Other than during a tornado watch, when is the last time any of us prayed in a closet? Most of us would probably answer: “Never.” Yet that is exactly what Christ advised his disciples to do: “whenever you pray, go into your room and shut the door and pray to your Father who is in secret; and your Father who sees in secret will reward you.”

Most translations use the word “room” but the Greek is closer to “inner room” – or closet. Of course Christ’s point was not the architecture, but the privacy. Even in Christ’s time, public prayer was often more a bid for the admiration of people, rather than communion with God.

We’ve all heard prayers that sound like the person praying was being paid by the word. Christ tells to pray privately, and not heap on words as if desperately trying to tip some divine scale.
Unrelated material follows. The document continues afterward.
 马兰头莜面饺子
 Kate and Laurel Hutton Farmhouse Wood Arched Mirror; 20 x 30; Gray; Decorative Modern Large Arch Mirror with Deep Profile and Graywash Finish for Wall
Ideally prayer is not a monologue, so it needs a lot of silent time to leave room for God.

When Christ says those who pray or give alms in a public manner have already received their reward, he is commenting on motive. People who make a show of piety in order to win admiration have their reward when someone notices, but not beyond.

On the other hand, going too far the other way and making a show of hiding our deeds is still missing the point. People seeking a relationship with God pray or fast only as an expression of their love for God, and attention (or its lack) doesn’t matter. God isn’t a trophy wife, so Christ teaches us to behave in ways that don’t sully the relationship by making it about other people’s opinions.

From the time we are assigned our first 200-word essay, we are taught the number of words we use is important. One of the toughest lessons for any professional writer is to cut, and cut again, until only meaningful words remain. Perhaps this is why writer Anne LaMott’s two favorite prayers are: “Help me, help me, help me” and “Thank you, thank you, thank you.”

Comfort: God knows what we need before we speak.

Challenge: Find an isolated place to pray.

Prayer: Compassionate God: help me. Thank you.

Discussion: What do you feel is the role of public prayer?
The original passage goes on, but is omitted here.